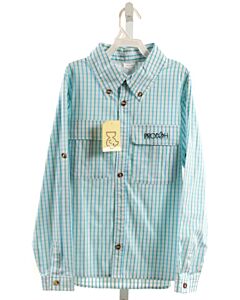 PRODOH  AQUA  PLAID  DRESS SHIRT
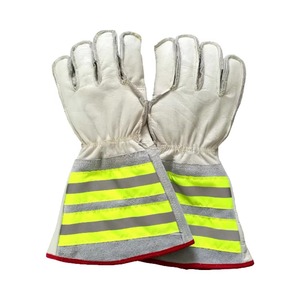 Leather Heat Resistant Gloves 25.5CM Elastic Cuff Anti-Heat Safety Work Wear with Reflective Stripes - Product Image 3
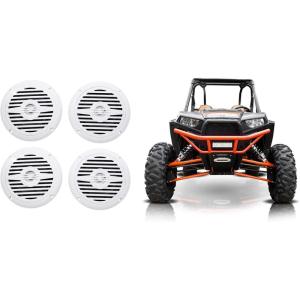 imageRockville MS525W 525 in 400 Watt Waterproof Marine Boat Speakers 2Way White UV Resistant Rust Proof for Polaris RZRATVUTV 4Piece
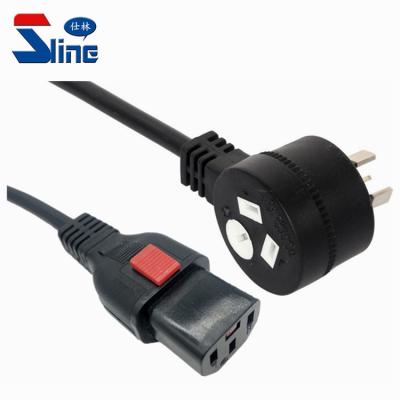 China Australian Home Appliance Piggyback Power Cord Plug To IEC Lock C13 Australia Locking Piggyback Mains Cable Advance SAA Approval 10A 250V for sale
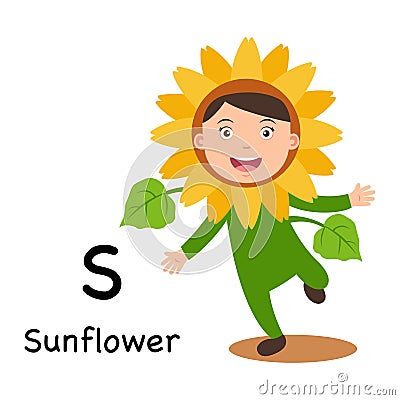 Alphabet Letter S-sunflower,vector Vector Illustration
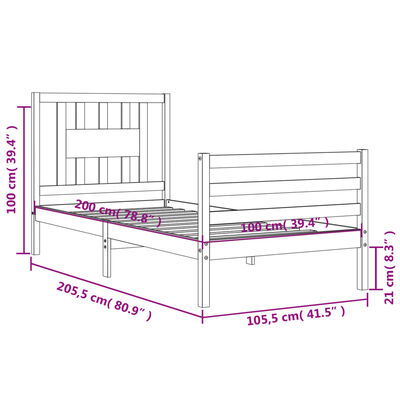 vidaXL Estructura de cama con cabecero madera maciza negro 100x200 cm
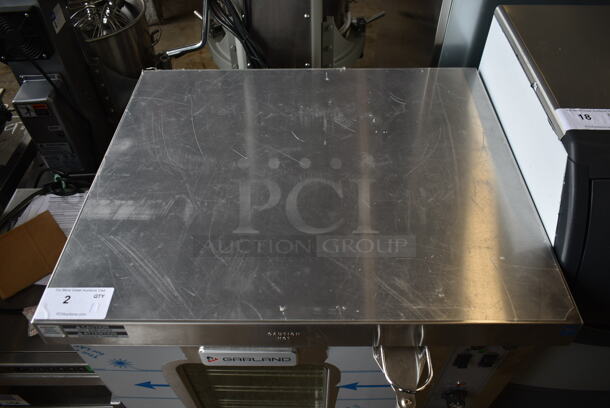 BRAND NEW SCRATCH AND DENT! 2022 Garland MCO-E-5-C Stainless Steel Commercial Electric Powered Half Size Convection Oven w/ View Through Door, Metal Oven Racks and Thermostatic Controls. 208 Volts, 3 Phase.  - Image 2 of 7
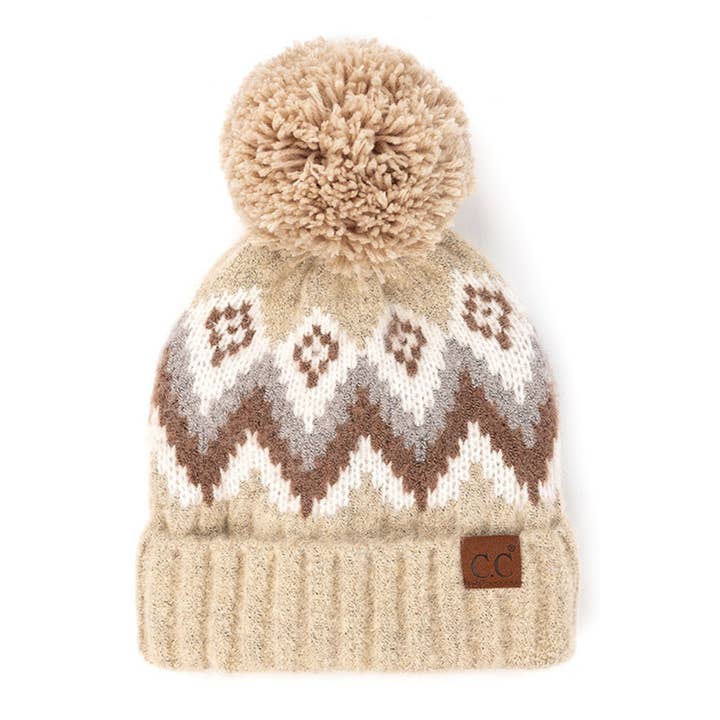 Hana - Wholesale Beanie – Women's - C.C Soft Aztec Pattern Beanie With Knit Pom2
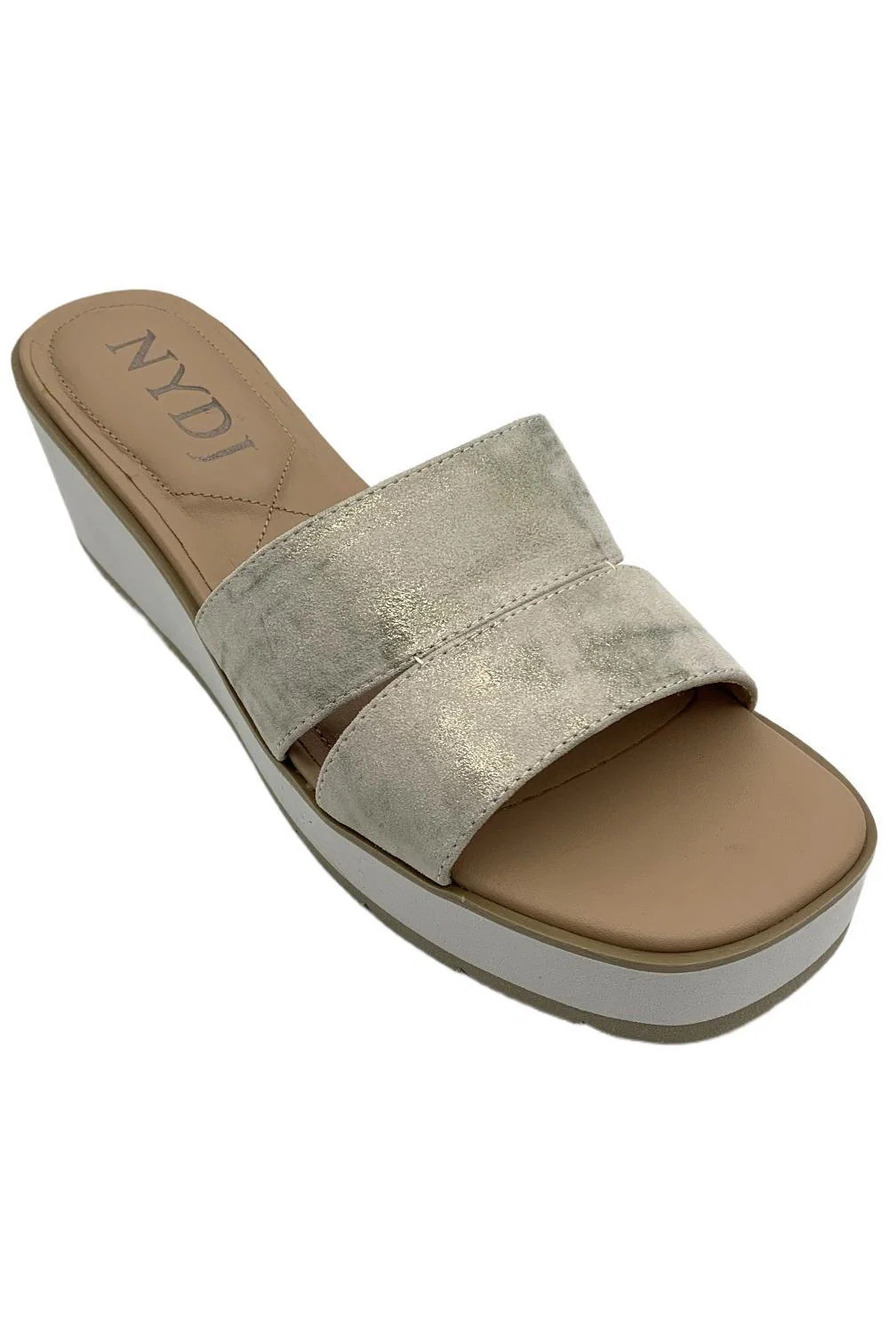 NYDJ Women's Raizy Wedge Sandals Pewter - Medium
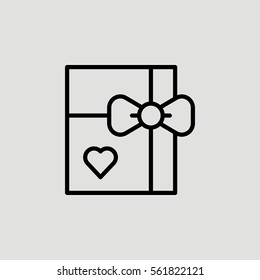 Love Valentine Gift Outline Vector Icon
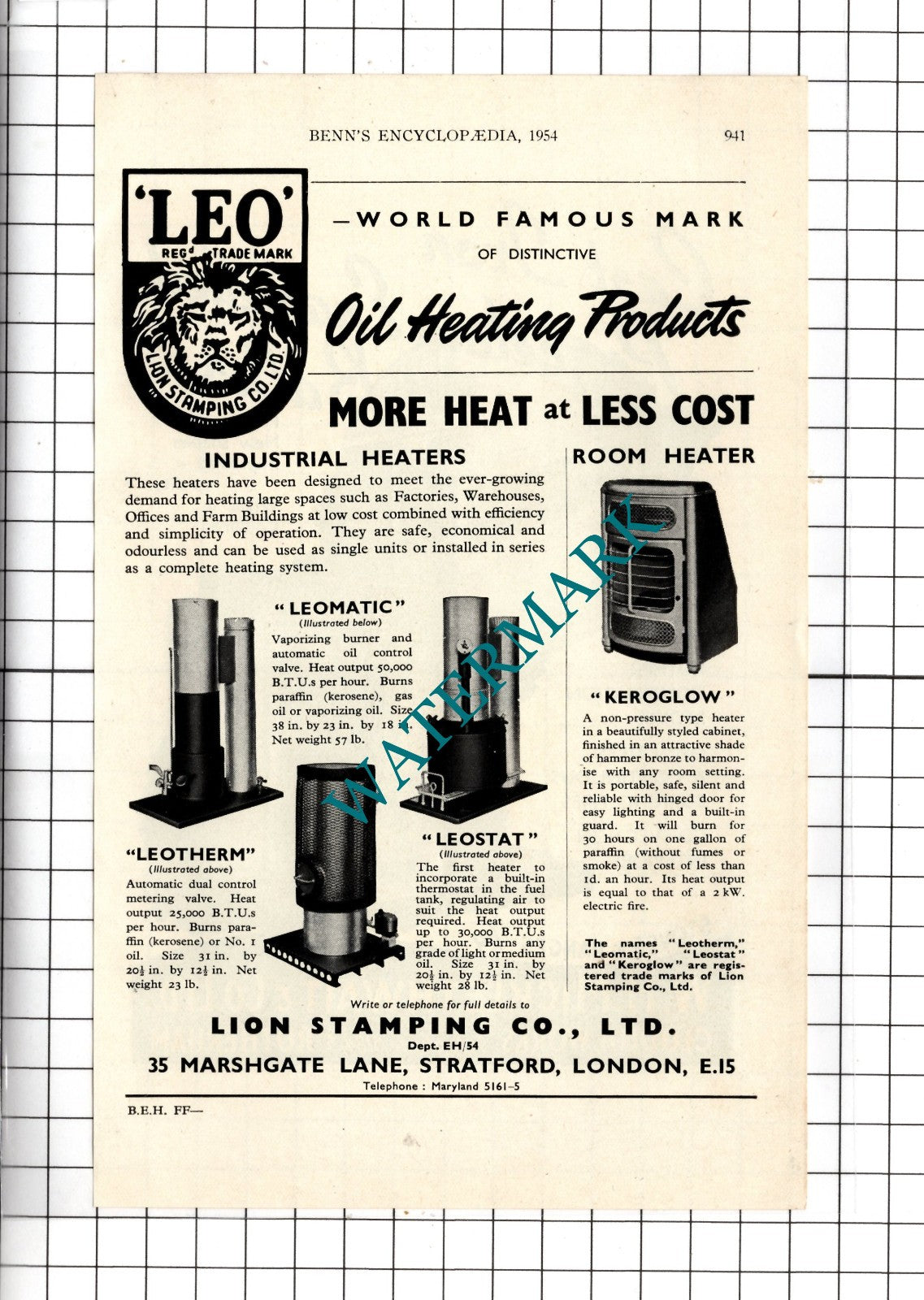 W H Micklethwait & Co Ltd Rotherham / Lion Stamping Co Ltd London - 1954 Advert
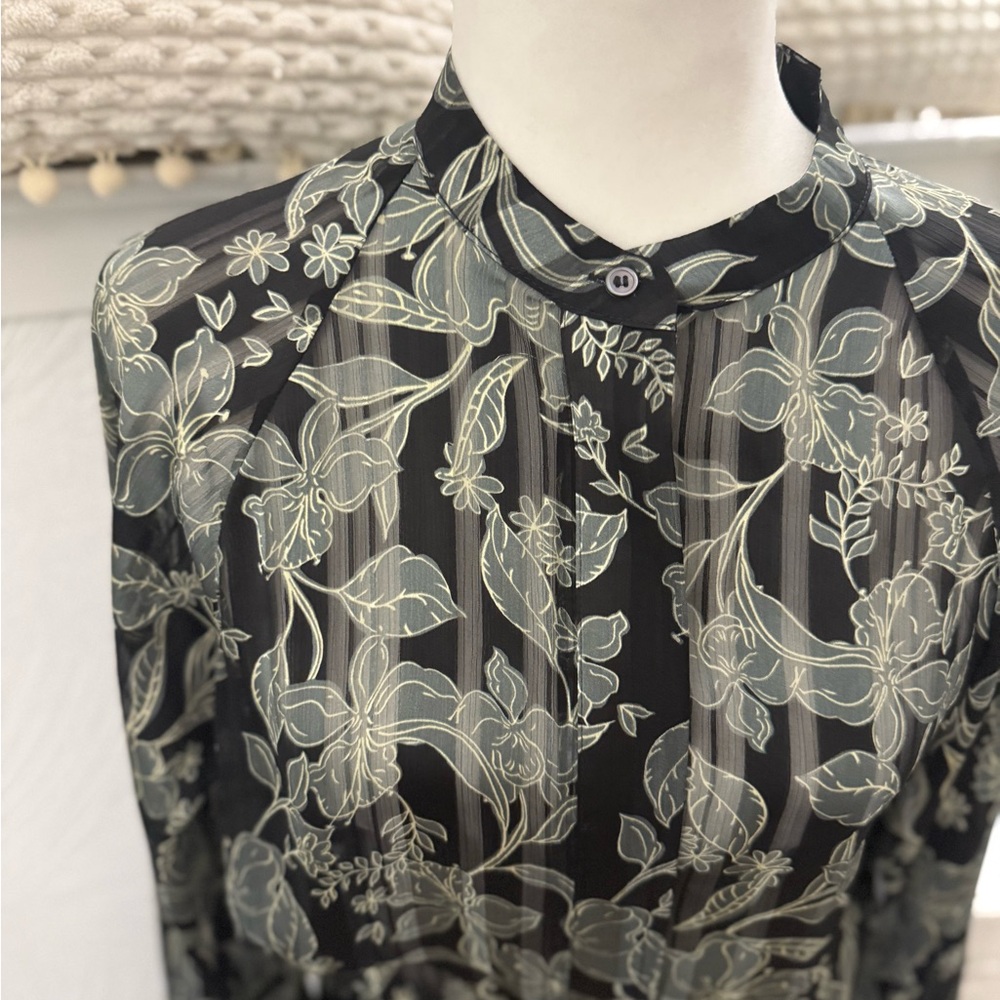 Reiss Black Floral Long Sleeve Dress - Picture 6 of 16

▬▬▬

* [What the exercise asks]: Copy exactly the lines from the one containing "Love Valentine Gift Outline Vector Icon" through the last line of the records above, including both, and omit every picture.

* [Answer to this task]:
 Love Valentine Gift Outline Vector Icon
 W H Micklethwait & Co Ltd Rotherham / Lion Stamping Co Ltd London - 1954 Advert
 Reiss Black Floral Long Sleeve Dress - Picture 6 of 16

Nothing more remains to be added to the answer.